Lynn Heimsoth, 58, was found fatally shot in her home west of Bellingham last December.

Lynn Heimsoth (Bellingham Public Schools)

Lynn Heimsoth (Bellingham Public Schools)

By Denver Pratt / The Bellingham Herald

BELLINGHAM — The family and friends of Lynn Heimsoth, the Sunnyland Elementary School principal who was fatally shot in her home along with her pets last December, have partnered with the Whatcom Community Foundation to establish a memorial scholarship in her honor.

Heimsoth is a former principal of Shoultes Elementary in Marysville.

The Lynn Heimsoth Memorial Scholarship will be awarded to a Bellingham School District student who is the first in their family to be accepted to attend a four-year college, according to Rachel Myers, philanthropic and program services director with the Whatcom Community Foundation.

Heimsoth’s brother, Jeff Fairman, said he initially had and solidified the idea for the scholarship with other family members and his sister’s coworkers in late spring. Fairman said he did the founding donation for the scholarship a little more than a month ago.

The family wanted to set up something that exemplified the way Heimsoth lived her life and that honored the things she felt were important, Fairman said. He said this was their way to set up “kind of a legacy” for her. Fairman said his sister lived her life by making “sure there were opportunities available” for others, including for her students.

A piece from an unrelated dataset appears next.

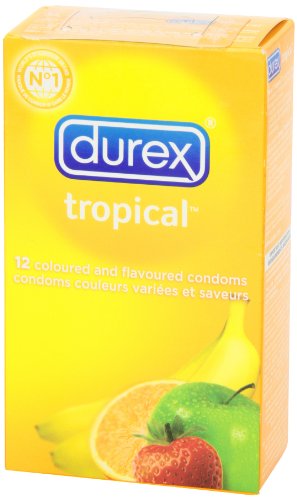 Durex Condoms, Tropical Flavors & Colours Lubricated, 12 Count Durex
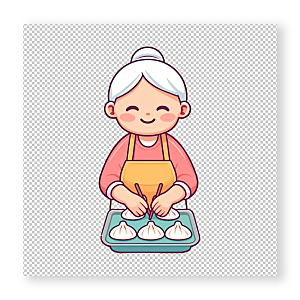老奶奶捏饺子卡通插画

“It’s a real continuation of how she lived her life, sort of how she contributed to the community,” Fairman said.

Myers, with the Whatcom Community Foundation, said the partnership with Heimsoth’s family was a great fit because the scholarship is focused on helping first-generation college students and is in line with the foundation’s focus on equity, opportunity and inclusion. Myers said they were honored to be able to help a family remember a loved one in this way.

Myers said the inaugural scholarship is $1,000. She said the family is leaving the door open to increasing the monetary amount as the scholarship fund grows. Myers said the scholarship fund currently has about $2,500 available, which has been provided mostly by Heimsoth’s family.

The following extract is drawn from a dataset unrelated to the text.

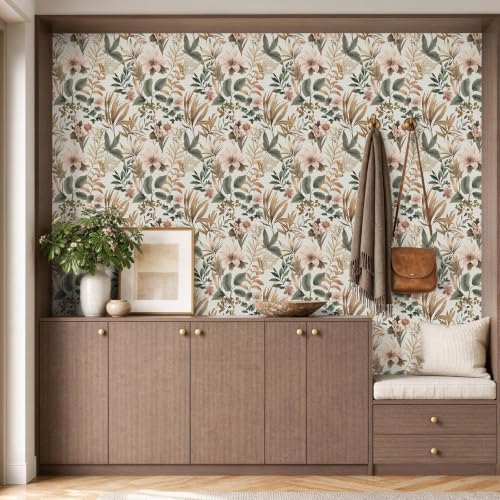Laatse Vintage Pink Green Gold Floral Botanical Wallpaper 17.5''x118'' - Image 3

Anyone can donate to the scholarship fund by going to the website created by Lynn Heimsoth’s family and clicking the donate button, the community foundation’s website, or they can send cash, check or stocks to the foundation. Because the foundation is a nonprofit, it is tax deductible, Myers said.

The foundation offers more than 100 local scholarships, and the application process for the scholarships for students will open in February, Myers said. Recipients for the scholarships, including the one honoring Lynn Heimsoth, will be announced sometime in May 2021, Myers said.

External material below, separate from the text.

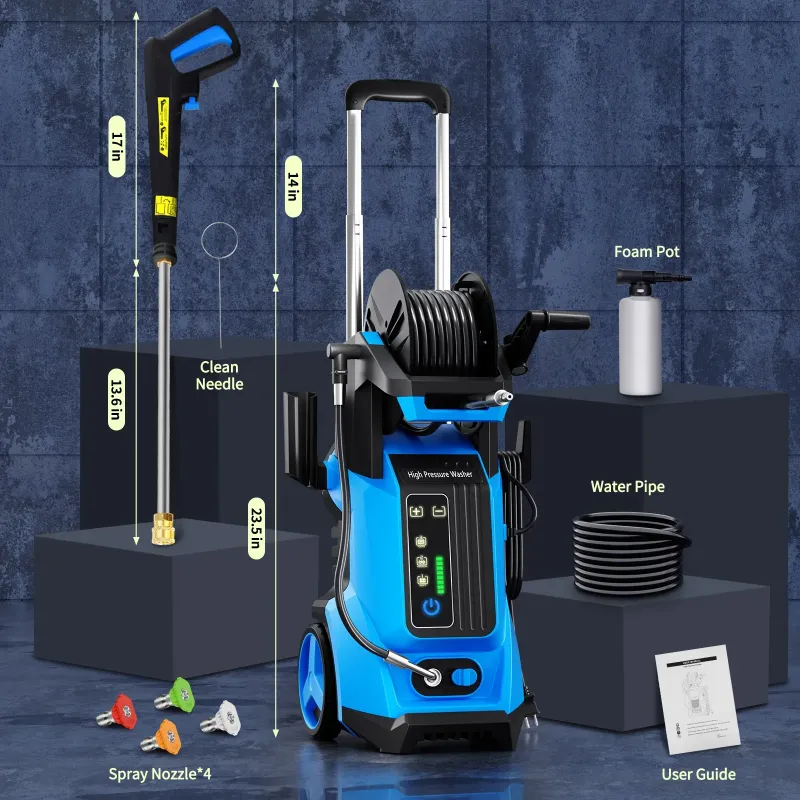 Photo 1 of ***used missing partsfuntional untestd*** **SUGIFT Electric Pressure Washer 4500PSI-Max 3.2GPM with Touch Screen Adjustable Pressure and 5 Nozzles Power Washer Cleaning for Patio,Blue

Fairman said his sister believed in every student having a chance, no matter what their background or situation was in life. Fairman said Heimsoth also dedicated a lot of time to her students with her therapy dog, Sukha, who was also fatally shot, but that there wasn’t a clear path to support something like that, so the family settled on the scholarship idea.

“We thought that this was very appropriate and something that she would be proud to have in her memory,” Fairman said.

Fairman said it was an important part of the healing process to be able to do something positive. He said he wants his sister to be remembered “as a kind and caring person who really saw the best in others, rather than being remembered by the tragic way she left us.”

Heimsoth, 58, was found fatally shot in her home west of Bellingham on Dec. 26. Her therapy dog, Sukha — who attended school with her — and a cat were also found fatally shot. Her death was ruled a homicide on Dec. 27. She had been the principal at Sunnyland Elementary since July 2017.

Heimsoth’s husband, Kevin Heimsoth, is charged with premeditated first-degree murder and two counts of first-degree animal cruelty for the death of his wife and their pets, according to Whatcom County Superior Court records.

Kevin Heimsoth’s criminal case was put on hold in early February while he attempted to recover from self-inflicted gunshot wounds. Kevin Heimsoth allegedly shot himself twice in the head after allegedly shooting and killing his wife and their pets.

Court proceedings in Kevin Heimsoth’s case were delayed until his competency to stand trial is considered. The court is expected to hear a motion for dismissal and civil commitment in the case, meaning he would go to a state psychiatric hospital for treatment, on Monday, Nov. 23.